■ **Data shown**:
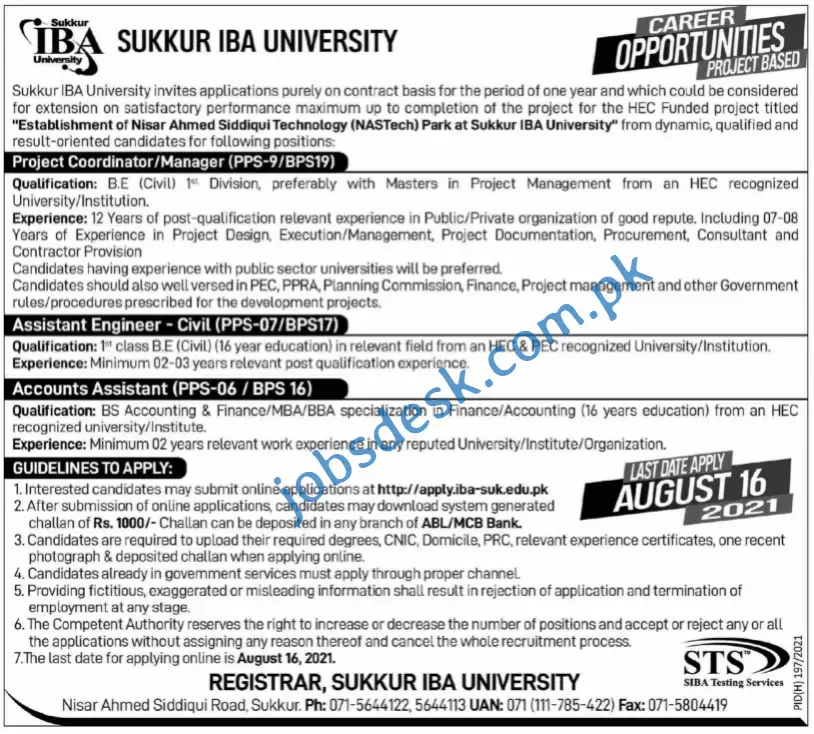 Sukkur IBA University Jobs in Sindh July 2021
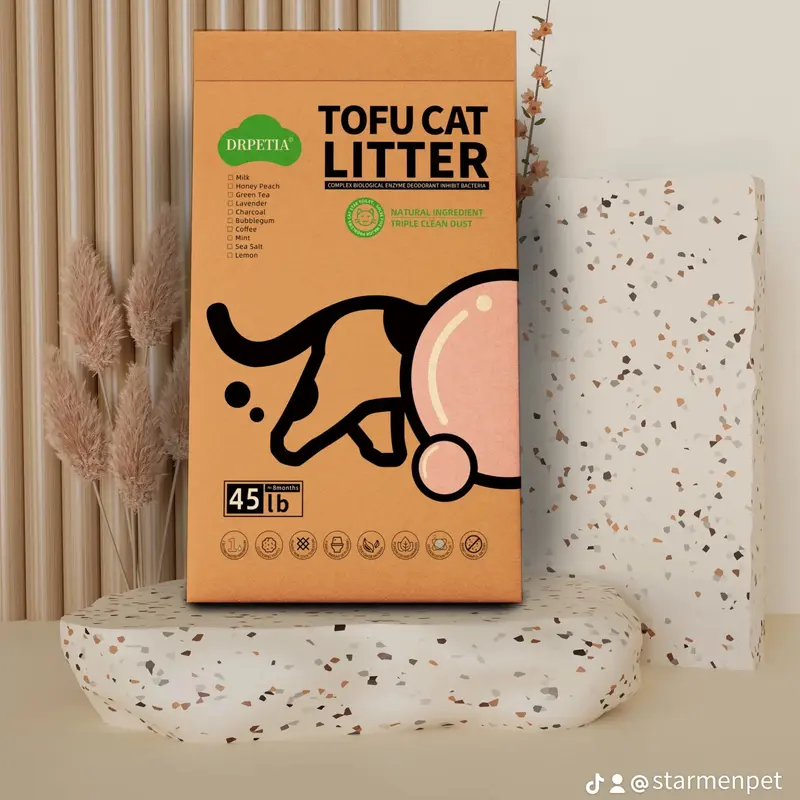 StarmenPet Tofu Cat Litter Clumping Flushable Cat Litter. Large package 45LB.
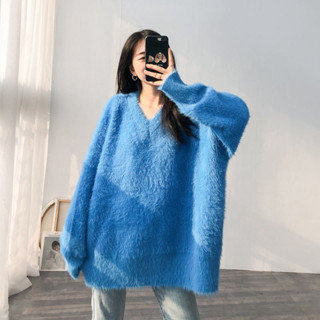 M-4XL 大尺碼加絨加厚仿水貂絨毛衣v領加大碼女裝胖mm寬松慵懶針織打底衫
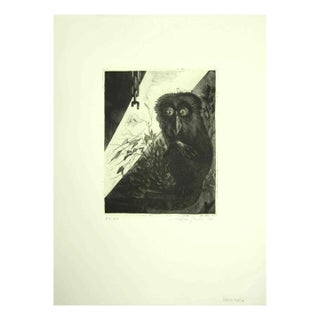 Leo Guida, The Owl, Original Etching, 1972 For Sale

==

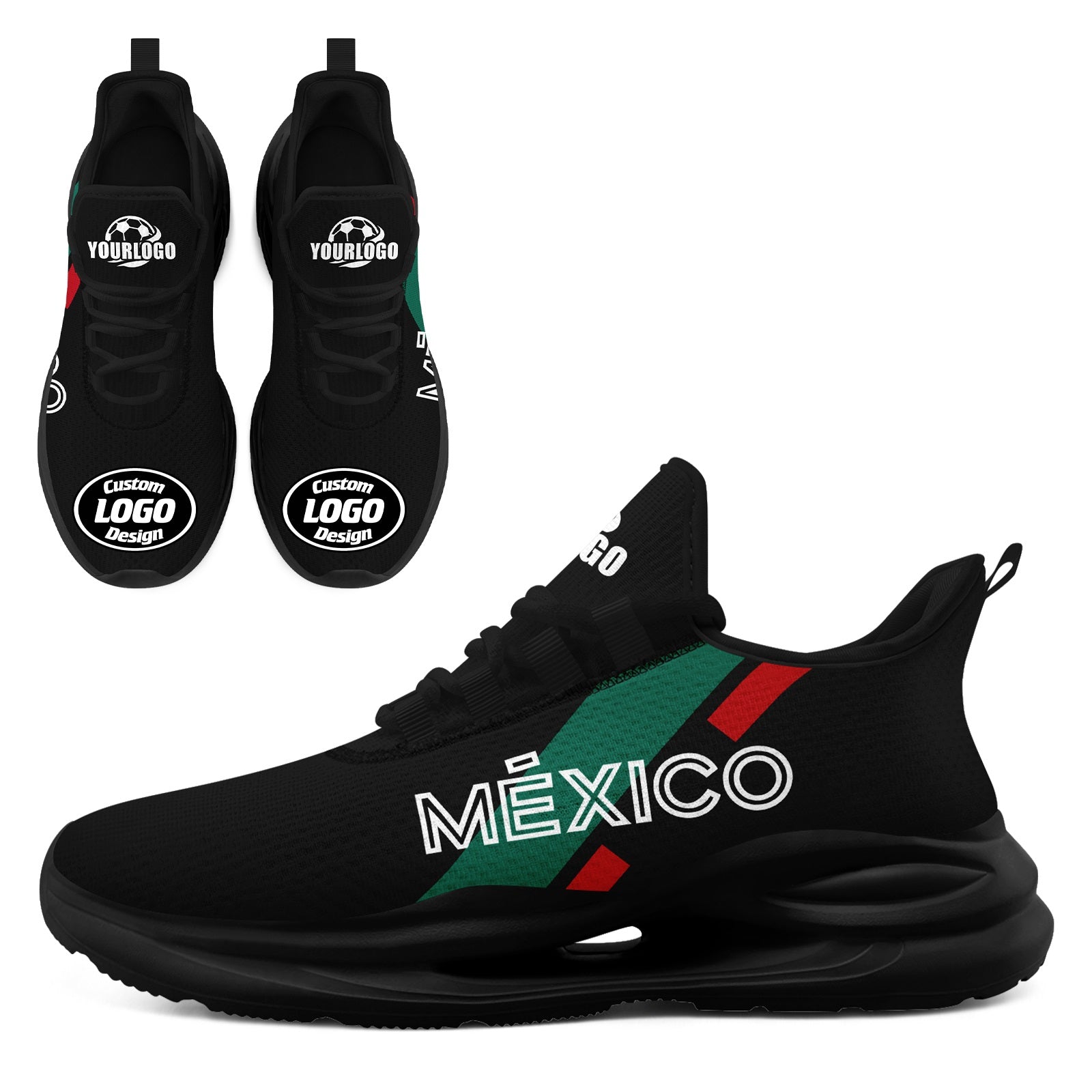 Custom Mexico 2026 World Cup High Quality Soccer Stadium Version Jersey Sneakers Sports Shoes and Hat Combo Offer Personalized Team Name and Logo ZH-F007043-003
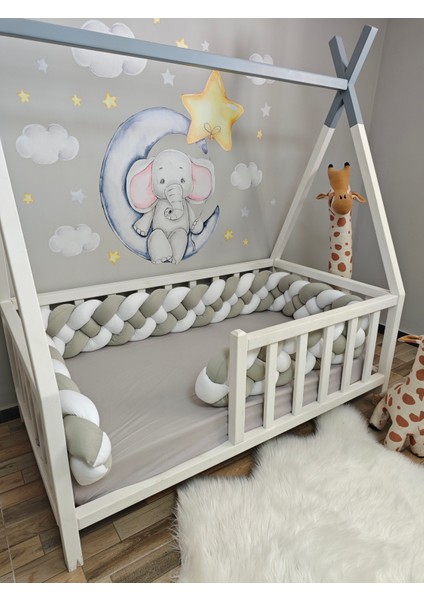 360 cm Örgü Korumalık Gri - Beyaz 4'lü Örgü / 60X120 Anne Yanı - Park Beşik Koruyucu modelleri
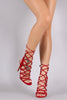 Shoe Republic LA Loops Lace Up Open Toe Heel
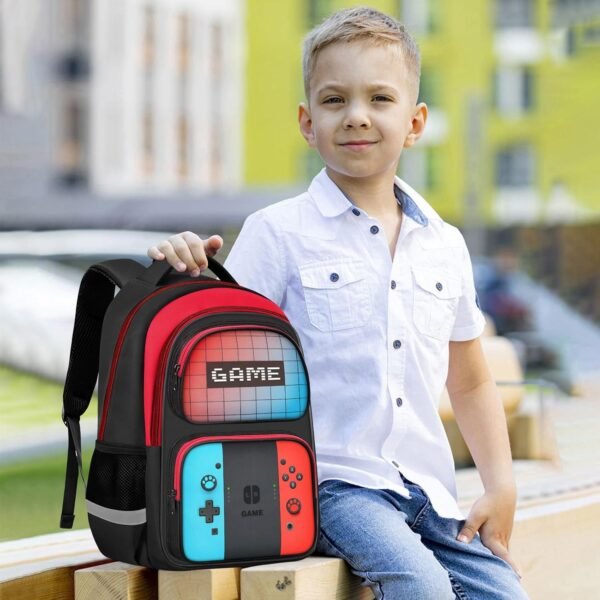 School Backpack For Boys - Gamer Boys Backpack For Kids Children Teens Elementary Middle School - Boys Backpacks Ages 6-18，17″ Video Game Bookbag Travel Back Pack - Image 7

■ **Instructions to follow**: Although pictures appear among the records above, none are to be output; print exactly the lines from the line containing "Shoe Republic LA Loops Lace Up Open Toe Heel" through the line containing "School Backpack For".

■ **The answer**:
 Shoe Republic LA Loops Lace Up Open Toe Heel
 School Backpack For Boys - Gamer Boys Backpack For Kids Children Teens Elementary Middle School - Boys Backpacks Ages 6-18，17″ Video Game Bookbag Travel Back Pack - Image 7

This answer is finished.